Consider digital certificates. Technically -- and now legally -- they are regarded as safe and valid instruments by which a person can identify himself online. The problem is the authentication of the user. Some only require a name and an e-mail address. Others have higher standards and actually check out the person who is applying for the certificate.

Security policies need to be all-pervasive throughout an organization, says Roberta Witty, Gartner's research director in information security strategies. In most organizations, they are largely managed only as an information technology (IT) function, she says.

To help companies better allocate IT funding for this area, Gartner Group developed a Total Cost of Ownership model in which 30 or so key security activities have been identified. All of them, Witty says, are comprised of people, processes and tools 9 not just technology components.

The best technology is key to any security strategy. Basically, Kovar says, we are always one release or one update behind the latest hacking tools. The point, however, is that companies must not look for a technology panacea for lax procedures, says SHYM's Rothman.

Myth 4: There's No Way to Tell if a Marketplace is Really Secure

First of all, understand that a marketplace exchange is just as vested in maintaining a secure environment as its members are -- or at least in maintaining the perception of security. Making sure data is secure is essential to an exchange's longevity, Rothman says. Even if a competitor has equity interest, an exchange won't be around for too long if word gets out that information has been compromised.

Yet fears and suspicions about their neutrality remain. Hence the growing popularity of third-party validation -- a neutral company that gives a site its stamp of approval after investigating security practices. The site is then routinely re-evaluated by the third party, usually every two to three months, to make sure the security procedures are being followed. Not that this is a foolproof guarantee, either. Because the field is so new, no best practices have been established to determine which is the ideal model to follow. One of the problems is that there is no common set of standards for data protection in these marketplaces, says Valeri, of Ernst & Young, which provides third-party validation. Unfortunately, Valeri says, there are many different ways to protect confidential information, some better than others. Another problem is that most of these third parties are paid by the marketplace exchange itself, which could be perceived to be a conflict of interest.

Nonetheless, the demand for such services is growing rapidly. Indeed, advisors are urging clients to look for such seals of approval when considering one exchange over another. Companies ought to be proactive in getting assurance from a third party about an exchange, says Douglas Cale, principal with Deloitte Consulting in Detroit. It should be the expectation of members that the exchange can and will demonstrate that the right kind of controls are in place. And if they still are not satisfied they should send in their own auditors.

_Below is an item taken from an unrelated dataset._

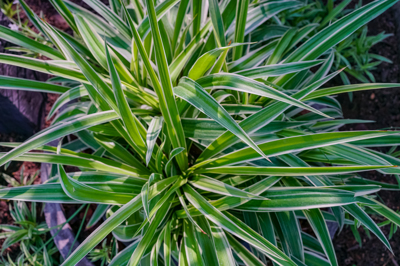 Chlorophytum comosum variegated (โคลโรพีทัม โคโมซั่ม วารีเกต) Chlorophytum comosum variegated (โคลโรพีทัม โคโมซั่ม วารีเกต)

However, when it comes to the most sensitive of supply chain activities, companies still remain leery of the public exchanges. Security is really driving the move towards private exchanges, says Matt Porta, partner in charge of e-Market Strategy for PricewaterhouseCoopers in San Francisco. This is a growing trend, especially in the high-tech industry, he says, where information about the supply chain is considered to be very competitive. As online activities become more collaborative, some companies just don't want to risk sharing information in public exchanges, because they still don't trust that their data is really secure.